[[ Provided entries open ]]

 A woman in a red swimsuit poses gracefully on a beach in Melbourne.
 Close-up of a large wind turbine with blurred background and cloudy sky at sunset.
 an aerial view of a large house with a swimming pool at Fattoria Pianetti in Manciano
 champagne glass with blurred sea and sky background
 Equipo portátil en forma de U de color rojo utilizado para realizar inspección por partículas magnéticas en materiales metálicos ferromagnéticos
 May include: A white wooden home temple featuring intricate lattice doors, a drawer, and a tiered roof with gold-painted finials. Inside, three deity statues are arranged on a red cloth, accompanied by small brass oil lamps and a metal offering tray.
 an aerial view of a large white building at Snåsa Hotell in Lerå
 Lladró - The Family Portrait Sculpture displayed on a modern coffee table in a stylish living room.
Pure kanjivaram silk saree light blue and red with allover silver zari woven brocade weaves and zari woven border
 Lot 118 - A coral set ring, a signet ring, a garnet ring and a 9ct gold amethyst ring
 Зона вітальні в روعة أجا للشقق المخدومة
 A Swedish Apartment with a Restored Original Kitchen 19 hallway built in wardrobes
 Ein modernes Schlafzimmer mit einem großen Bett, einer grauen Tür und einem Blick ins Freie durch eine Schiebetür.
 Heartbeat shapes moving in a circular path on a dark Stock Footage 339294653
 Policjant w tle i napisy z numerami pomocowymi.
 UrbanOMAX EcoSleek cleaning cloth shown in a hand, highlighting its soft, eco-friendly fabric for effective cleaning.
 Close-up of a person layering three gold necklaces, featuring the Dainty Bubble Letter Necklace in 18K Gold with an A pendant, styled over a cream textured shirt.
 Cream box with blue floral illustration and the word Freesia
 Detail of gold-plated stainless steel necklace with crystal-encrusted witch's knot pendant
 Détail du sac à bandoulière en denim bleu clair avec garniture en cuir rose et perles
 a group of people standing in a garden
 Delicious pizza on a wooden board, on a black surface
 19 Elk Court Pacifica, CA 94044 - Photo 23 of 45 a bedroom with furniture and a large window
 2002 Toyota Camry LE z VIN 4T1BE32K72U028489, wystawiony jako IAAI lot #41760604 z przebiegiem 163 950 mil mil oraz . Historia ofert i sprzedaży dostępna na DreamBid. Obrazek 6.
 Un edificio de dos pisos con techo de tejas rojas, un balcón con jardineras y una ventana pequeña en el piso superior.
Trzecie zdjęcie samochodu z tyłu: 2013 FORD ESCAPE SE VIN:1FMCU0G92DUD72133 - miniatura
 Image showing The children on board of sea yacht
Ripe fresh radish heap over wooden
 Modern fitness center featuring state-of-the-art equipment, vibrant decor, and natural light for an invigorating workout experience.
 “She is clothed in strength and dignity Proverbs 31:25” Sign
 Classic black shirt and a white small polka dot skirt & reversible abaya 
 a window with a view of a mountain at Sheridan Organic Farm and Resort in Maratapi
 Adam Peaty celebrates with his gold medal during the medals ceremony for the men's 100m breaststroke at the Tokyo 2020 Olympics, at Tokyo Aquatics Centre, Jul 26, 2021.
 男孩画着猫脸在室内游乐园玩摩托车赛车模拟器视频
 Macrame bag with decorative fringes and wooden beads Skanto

[[ Provided entries closed ]]

§ **Exercise**: Please set down the full listing above, word for word.

§ **Exercise answer**:
 A woman in a red swimsuit poses gracefully on a beach in Melbourne.
 Close-up of a large wind turbine with blurred background and cloudy sky at sunset.
 an aerial view of a large house with a swimming pool at Fattoria Pianetti in Manciano
 champagne glass with blurred sea and sky background
 Equipo portátil en forma de U de color rojo utilizado para realizar inspección por partículas magnéticas en materiales metálicos ferromagnéticos
 May include: A white wooden home temple featuring intricate lattice doors, a drawer, and a tiered roof with gold-painted finials. Inside, three deity statues are arranged on a red cloth, accompanied by small brass oil lamps and a metal offering tray.
 an aerial view of a large white building at Snåsa Hotell in Lerå
 Lladró - The Family Portrait Sculpture displayed on a modern coffee table in a stylish living room.
Pure kanjivaram silk saree light blue and red with allover silver zari woven brocade weaves and zari woven border
 Lot 118 - A coral set ring, a signet ring, a garnet ring and a 9ct gold amethyst ring
 Зона вітальні в روعة أجا للشقق المخدومة
 A Swedish Apartment with a Restored Original Kitchen 19 hallway built in wardrobes
 Ein modernes Schlafzimmer mit einem großen Bett, einer grauen Tür und einem Blick ins Freie durch eine Schiebetür.
 Heartbeat shapes moving in a circular path on a dark Stock Footage 339294653
 Policjant w tle i napisy z numerami pomocowymi.
 UrbanOMAX EcoSleek cleaning cloth shown in a hand, highlighting its soft, eco-friendly fabric for effective cleaning.
 Close-up of a person layering three gold necklaces, featuring the Dainty Bubble Letter Necklace in 18K Gold with an A pendant, styled over a cream textured shirt.
 Cream box with blue floral illustration and the word Freesia
 Detail of gold-plated stainless steel necklace with crystal-encrusted witch's knot pendant
 Détail du sac à bandoulière en denim bleu clair avec garniture en cuir rose et perles
 a group of people standing in a garden
 Delicious pizza on a wooden board, on a black surface
 19 Elk Court Pacifica, CA 94044 - Photo 23 of 45 a bedroom with furniture and a large window
 2002 Toyota Camry LE z VIN 4T1BE32K72U028489, wystawiony jako IAAI lot #41760604 z przebiegiem 163 950 mil mil oraz . Historia ofert i sprzedaży dostępna na DreamBid. Obrazek 6.
 Un edificio de dos pisos con techo de tejas rojas, un balcón con jardineras y una ventana pequeña en el piso superior.
Trzecie zdjęcie samochodu z tyłu: 2013 FORD ESCAPE SE VIN:1FMCU0G92DUD72133 - miniatura
 Image showing The children on board of sea yacht
Ripe fresh radish heap over wooden
 Modern fitness center featuring state-of-the-art equipment, vibrant decor, and natural light for an invigorating workout experience.
 “She is clothed in strength and dignity Proverbs 31:25” Sign
 Classic black shirt and a white small polka dot skirt & reversible abaya 
 a window with a view of a mountain at Sheridan Organic Farm and Resort in Maratapi
 Adam Peaty celebrates with his gold medal during the medals ceremony for the men's 100m breaststroke at the Tokyo 2020 Olympics, at Tokyo Aquatics Centre, Jul 26, 2021.
 男孩画着猫脸在室内游乐园玩摩托车赛车模拟器视频
 Macrame bag with decorative fringes and wooden beads Skanto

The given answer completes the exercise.